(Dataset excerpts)
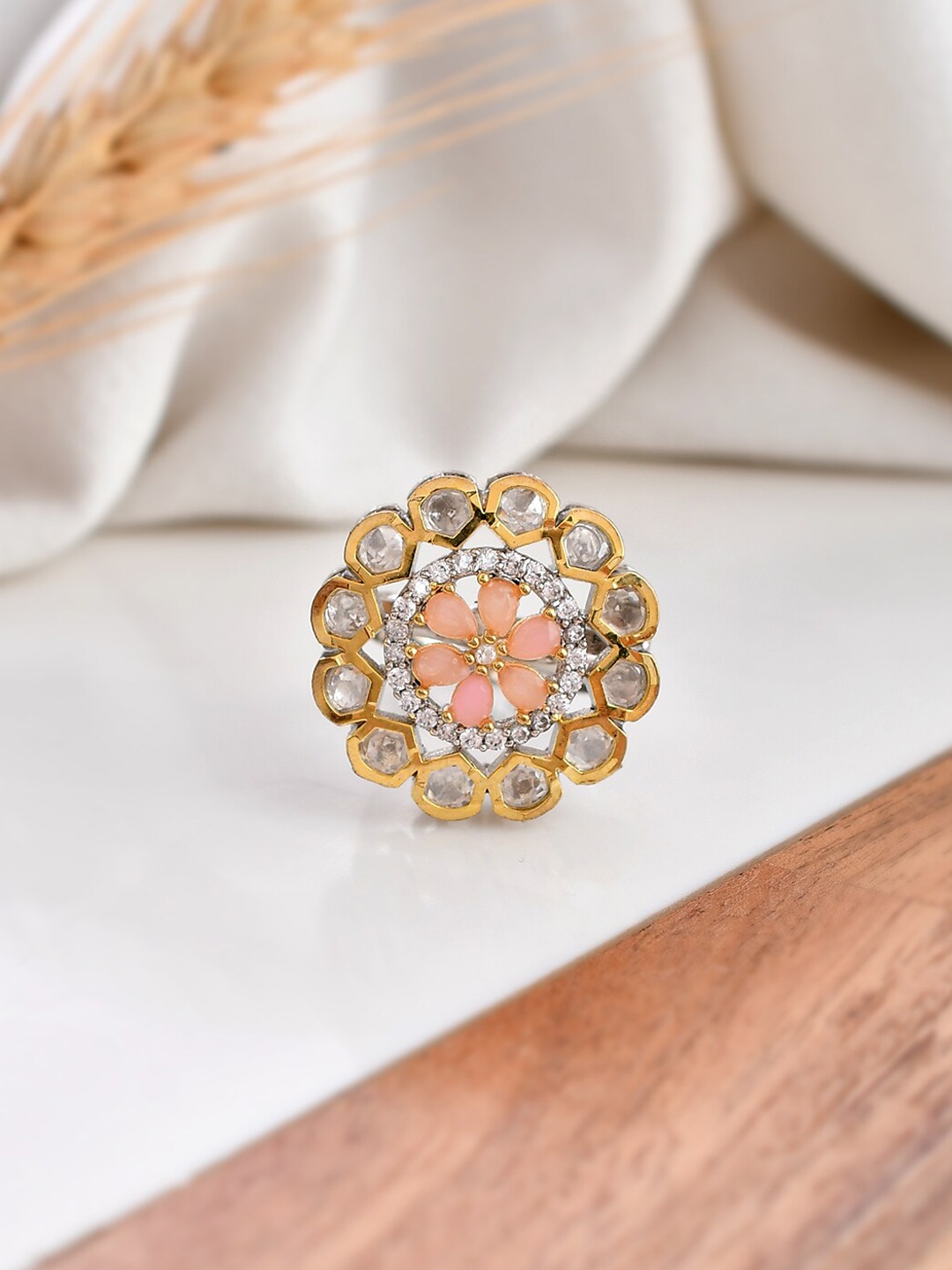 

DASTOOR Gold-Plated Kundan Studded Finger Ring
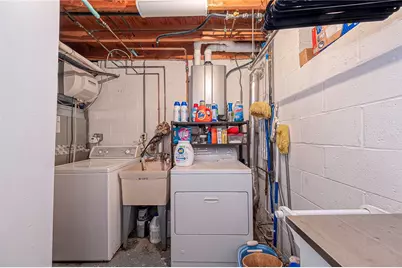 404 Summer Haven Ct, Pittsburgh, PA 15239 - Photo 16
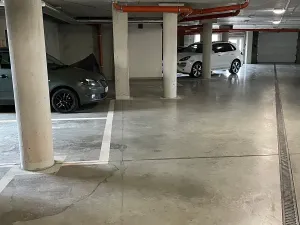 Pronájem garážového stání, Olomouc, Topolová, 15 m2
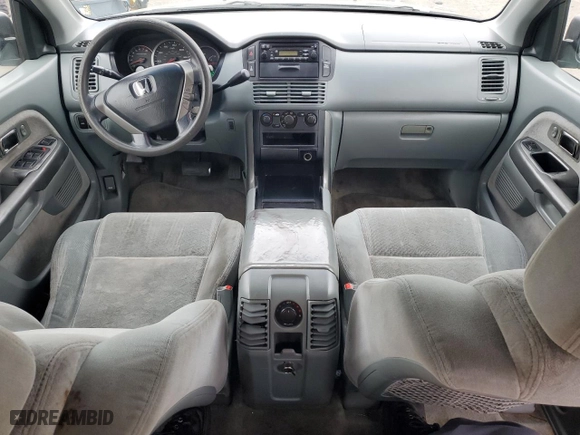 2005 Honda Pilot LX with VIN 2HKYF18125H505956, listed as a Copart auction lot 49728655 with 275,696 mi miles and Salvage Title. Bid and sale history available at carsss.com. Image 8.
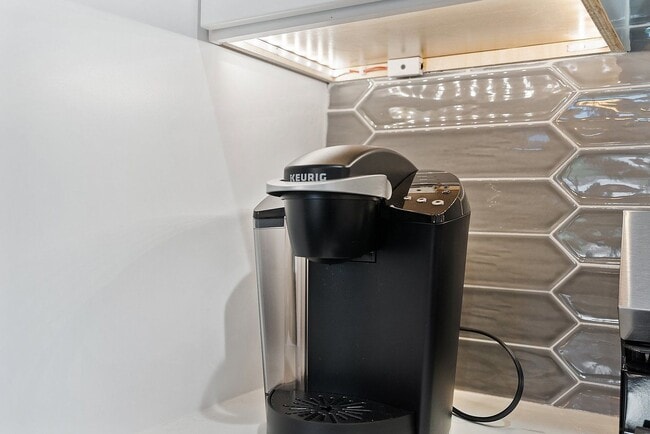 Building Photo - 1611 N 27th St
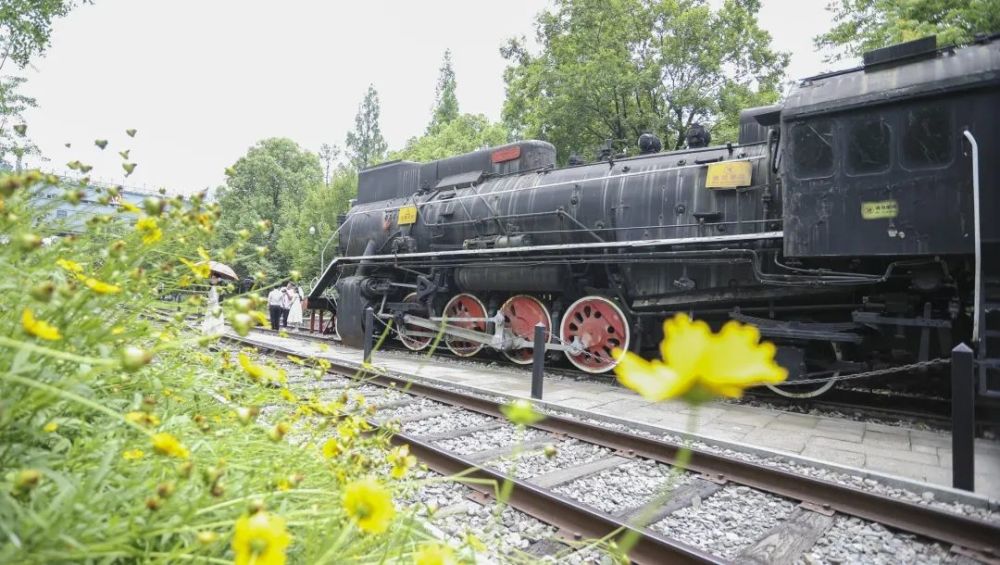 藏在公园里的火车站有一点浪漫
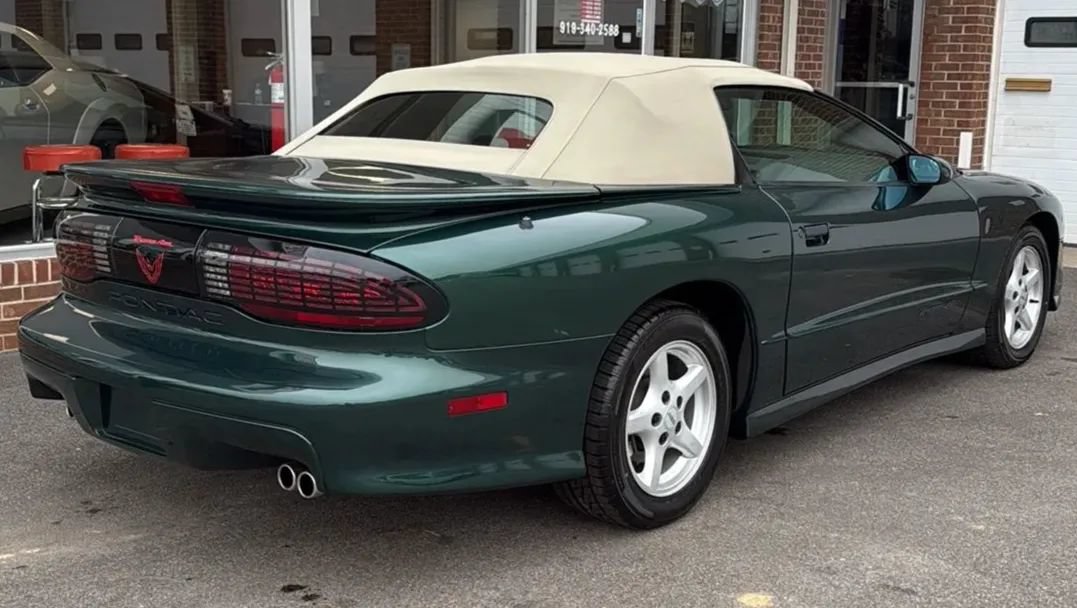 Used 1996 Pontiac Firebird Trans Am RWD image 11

■ **Problem to work on**:
The lines to be quoted run from the line containing "Pronájem garážového stání, Olomouc, Topolová, 15" through the end of the entries above, both included; quote them exactly and leave out any pictures.

■ **Output for this task**:
 Pronájem garážového stání, Olomouc, Topolová, 15 m2
 2005 Honda Pilot LX with VIN 2HKYF18125H505956, listed as a Copart auction lot 49728655 with 275,696 mi miles and Salvage Title. Bid and sale history available at carsss.com. Image 8.
 Building Photo - 1611 N 27th St
 藏在公园里的火车站有一点浪漫
 Used 1996 Pontiac Firebird Trans Am RWD image 11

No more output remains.